# something wrong..scratching my head



## Geno (Nov 29, 2011)

I picked up a small older skid steer to play with after selling my mowing stuff off. It is a Case 1816. I was looking at the skid next to my big blower and realized this: Blower weighs maybe 400 lbs- Skid weights about 2400 lbs w/bucket. Blower has a 20hp engine- Skid has a 16hp engine. Something is very wrong with this pic! I should have the 20 on the skid and a smaller one on blower- Actually won't happen.. but that 20hp Honda would be a good power plant for the skid. The skid has a OHV industrial Tecumseh and it runs good so it will be fine (for now)- But just scratched my head over the oddity of horsepower verses weight comparison. Goes to show you it ain't all about horsepower but torque is more important in many/most applications.


----------



## caddydaddy (Dec 10, 2014)

It's more about the awesome power of hydraulics!


----------



## Kiss4aFrog (Nov 3, 2013)

That's the problem with going for more power. Now that you have the twin cyl 20hp snow blower you have to move up to something way crazier for the skid steer. How about a VW Rabbit turbo diesel transplant ?? That would have some torque 
.


----------



## micah68kj (Oct 8, 2011)

Geno said:


> I picked up a small older skid steer to play with after selling my mowing stuff off. It is a Case 1816. I was looking at the skid next to my big blower and realized this: Blower weighs maybe 400 lbs- Skid weights about 2400 lbs w/bucket. Blower has a 20hp engine- Skid has a 16hp engine. Something is very wrong with this pic! I should have the 20 on the skid and a smaller one on blower- Actually won't happen.. but that 20hp Honda would be a good power plant for the skid. The skid has a OHV industrial Tecumseh and it runs good so it will be fine (for now)- But just scratched my head over the oddity of horsepower verses weight comparison. Goes to show you it ain't all about horsepower but torque is more important in many/most applications.

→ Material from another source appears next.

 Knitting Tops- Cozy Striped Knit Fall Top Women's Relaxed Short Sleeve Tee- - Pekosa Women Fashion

I've always believed this about the importance of torque but for too many it's all about the ponies.


----------



## Geno (Nov 29, 2011)

*skid.. Kiss4frog..*

That yours? looks nice shape. Better than mine. I bought a rops cage for a bobcat 731 and have to cut it down and weld too adapt to mine (this summer project)- scares daylights out of me not to have rops on it. The original is gone and hard to find. room is tight but..maybe a rabbit engine or a 3-cylinder geo? for now the tec is good.


----------



## db9938 (Nov 17, 2013)

I've seen folks use those 3-cyl geo engines in zero turn mowers work out well. 

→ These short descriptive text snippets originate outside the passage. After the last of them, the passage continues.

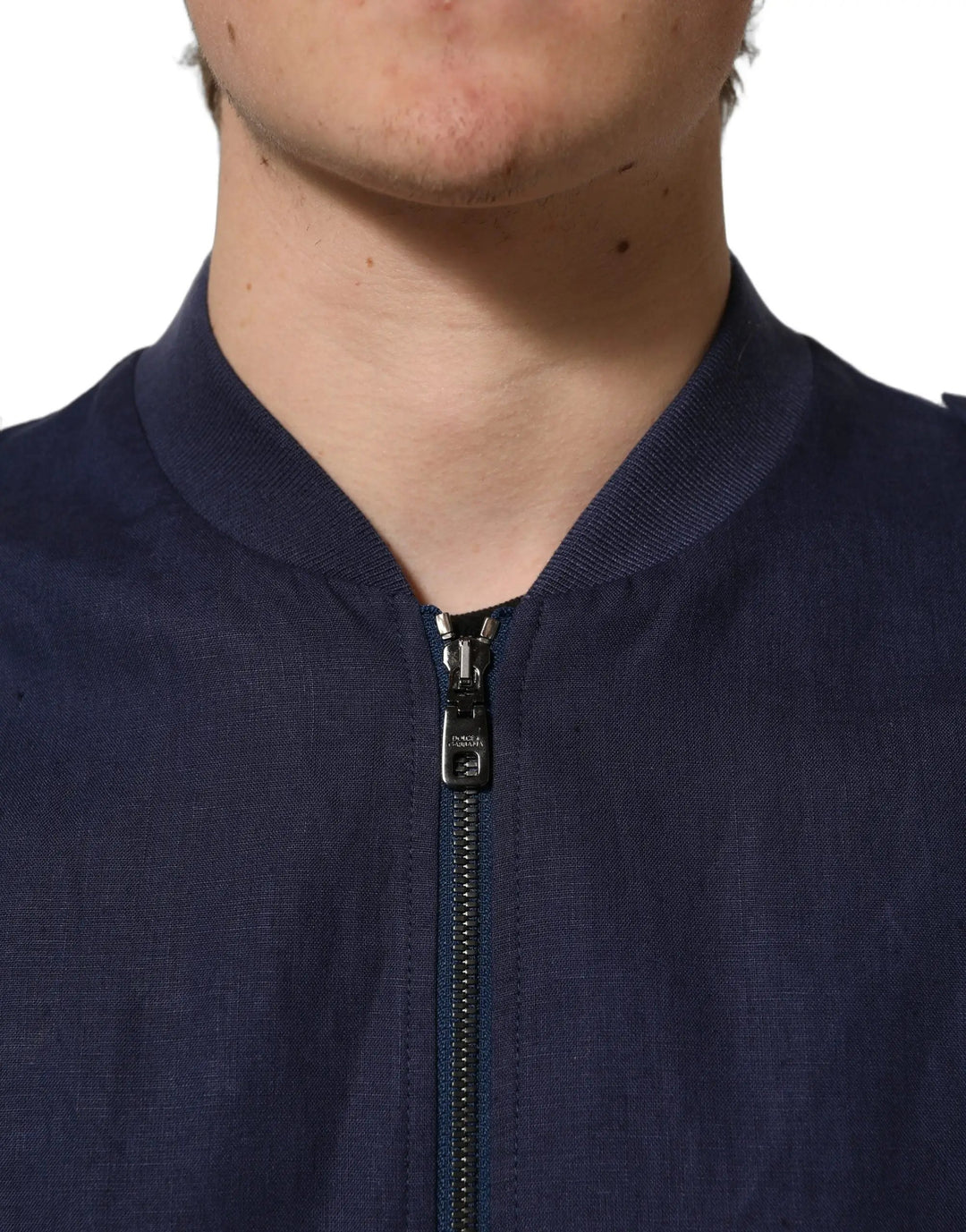 Dolce &amp; Gabbana Sample Sale | Dolce &amp; Gabbana Blue Linen Full Zip Men Bomber Jacket - | Designer outlet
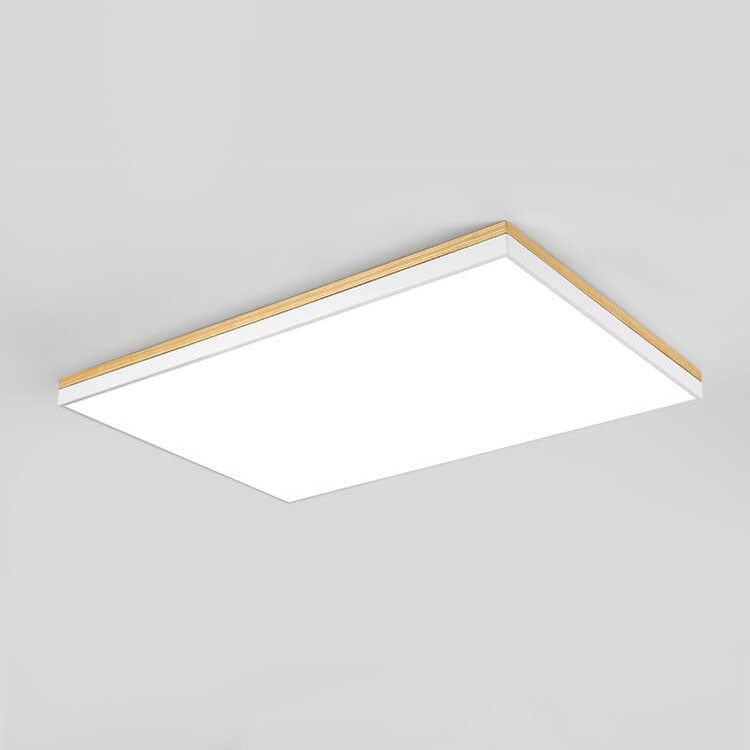 Square Wooden LED Ceiling Light - Modern Flush Mount - Stylish Fixture - Image 1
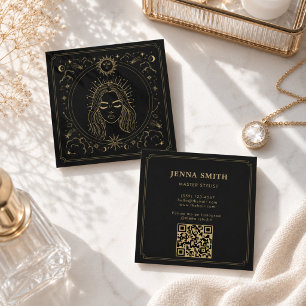 Mystical Woman Third Eye Celestial Skincare Square Business Card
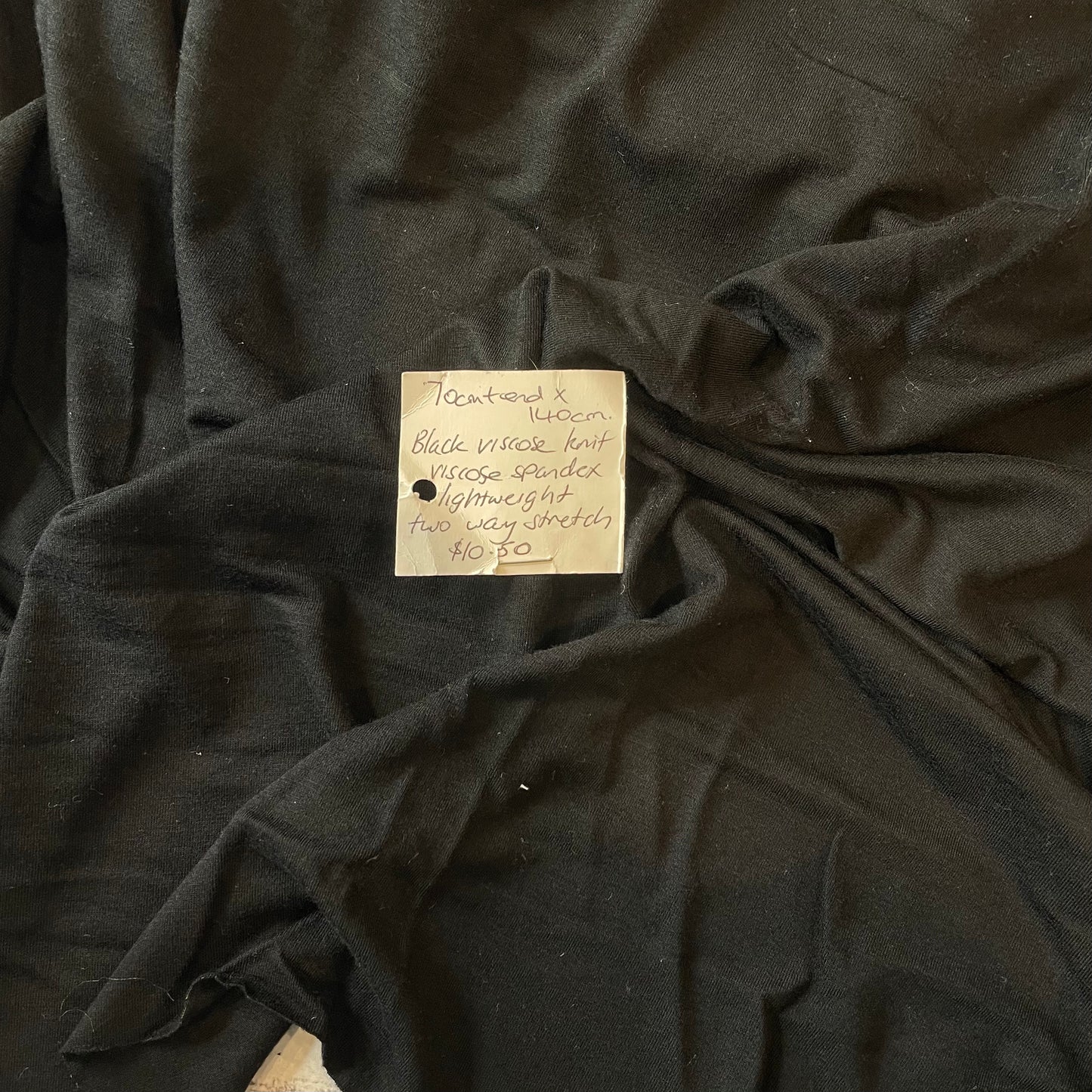 70cm Black Viscose Knit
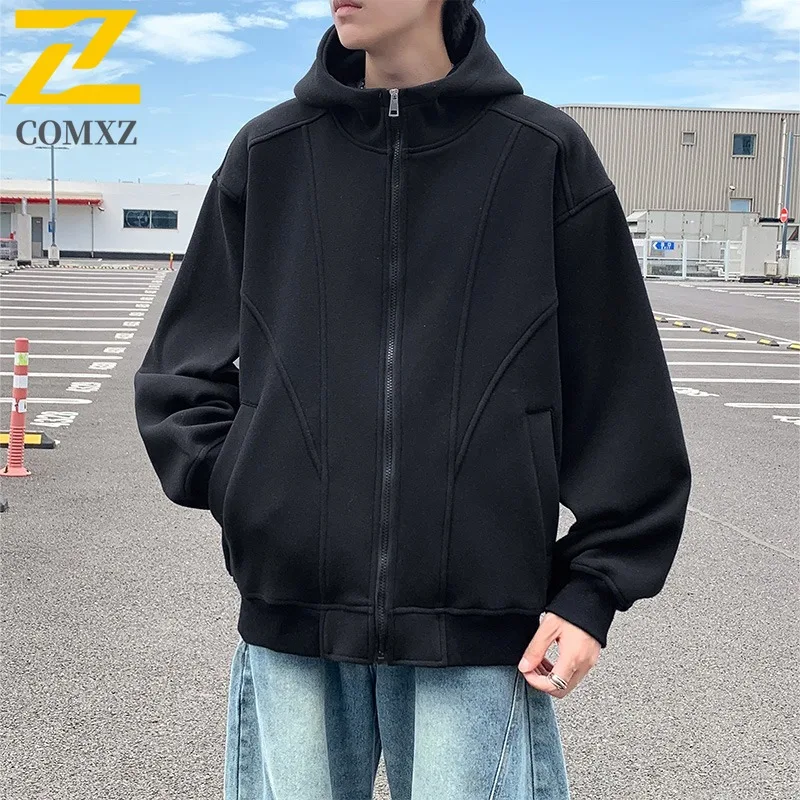 

COMXZ Men American Streetwear Lazy Style Heavyweight Hoodie Zip Up Jacket Spring Autumn Top Loose Fit Casual Hooded Cardigan Top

Just a word of caution in this sort of mod, the hydraulics may not be able to handle the added pressures. I know that's part of the fun of modifying anything, finding the next weakest part, but with hydro that can be a little dangerous.


----------



## Geno (Nov 29, 2011)

*good point..*

Good point db9938. I'm going to keep the hp within 18-22 hp range and same rpm as specs of tec. But- if tec does the job not touching it (although not starting now- car wash blues)


----------



## db9938 (Nov 17, 2013)

And then there are these:
B-Series, small diesel engine, single cylinder engine - HATZ Diesel

And this might simplify it:

Hydraulic pumps, industrial diesel engine - HATZ Diesel


----------



## Kiss4aFrog (Nov 3, 2013)

Geno said:


> That yours? looks nice shape. Better than mine. I bought a rops cage for a bobcat 731 and have to cut it down and weld too adapt to mine (this summer project)- scares daylights out of me not to have rops on it. The original is gone and hard to find. room is tight but..maybe a rabbit engine or a 3-cylinder geo? for now the tec is good.



Nope, I wish I had one. Just tossed up a picture to "show" what they look like.

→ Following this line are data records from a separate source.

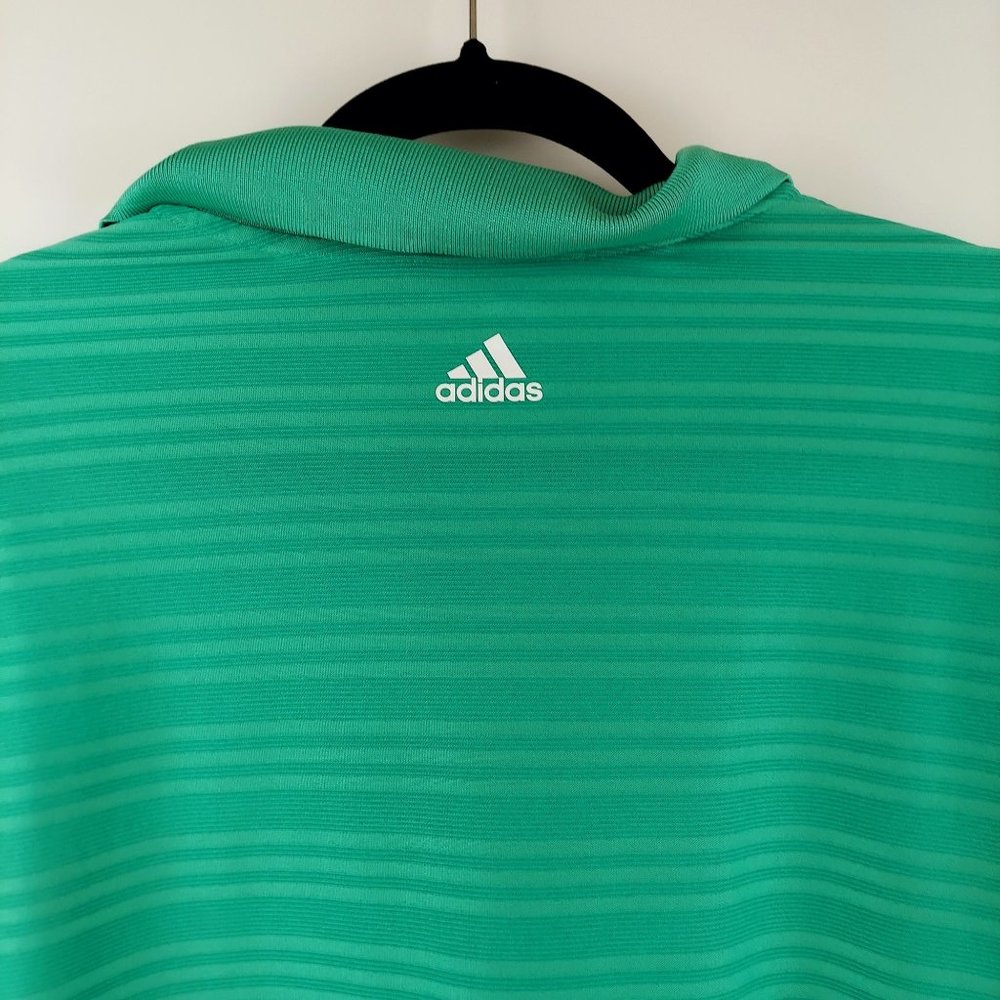 Adidas Golf Polo Shirt Men's Sz L Green Striped ClimaCool Kings Creek Logo - Picture 8 of 8
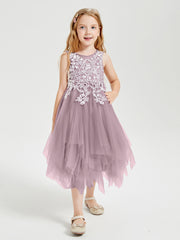 Robes de Demoiselle d'Honneur Junior en Tulle à Longueur de Mollet Dusk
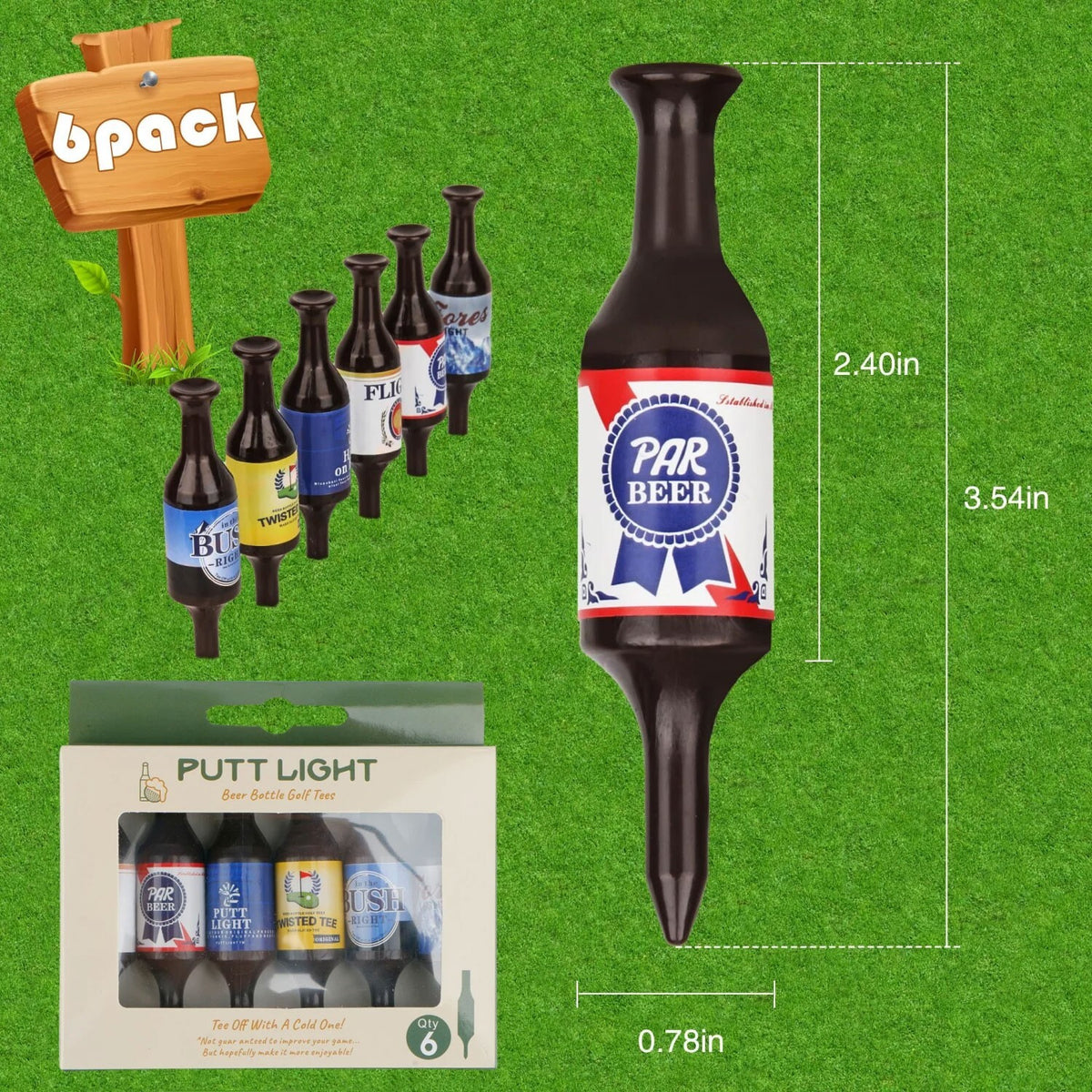 12 Pack Beer Bottle Golf Tees - Handmade Plastic Golf Accessories
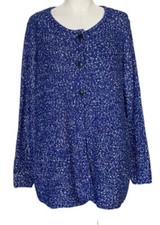 Susan Graver Marled Sweater Knit Button-Front Cardigan Blue White Women's Size L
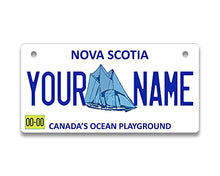 Load image into Gallery viewer, BRGiftShop Personalized Custom Name Canada Nova Scotia 3x6 inches Bicycle Bike Stroller Children&#39;s Toy Car License Plate Tag

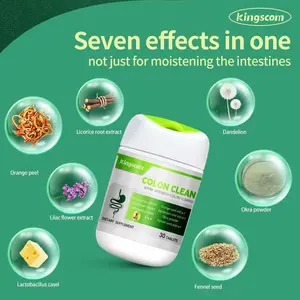 Kingscom Zero Sugar World's First 7-in-1 Probiotic ColonCleanse 6 Plant Extracts 50B CFU Lactobacillus caseiGluten-Free Vegan Non-GMO Gelatin-Free HealthcareNatural Dietary 30 capsules Healthcare Optimum Fitness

With a bigger motor it's just a matter of controlling RPM. It's the RPM of the pump that makes pressure. If you stuck a Cadillac 500 CID V8 in there but limited it to the RPM the 16 hp is doing you'd have the same pressure in the hydraulics you'd just NEVER hear the RPM drop or the engine "load" when picking up a load 
The danger isn't how big an engine you have it's bumping up the RPM which would increase pressure and volume.

I was looking at a slightly larger one with a blown engine and thinking of going the non turbo VW diesel route.  Yours doesn't look like you have much room to go bigger.


----------



## Geno (Nov 29, 2011)

thanks- I heard of v-twins being put in but tight squeeze. I think if tec pans out I'll leave it in. I could even bore it out to about 20hp later date.. But we'll see.


----------



## HillnGullyRider (Feb 9, 2014)

I wonder if one of those Ford industrial v4's would fit on there? They are all iron and still weigh less than 200 lbs. They are also a lot shorter front to back than a 3 or 4 cylinder ( I think only 12-15"). Probably good for 30-40hp at 3600.


----------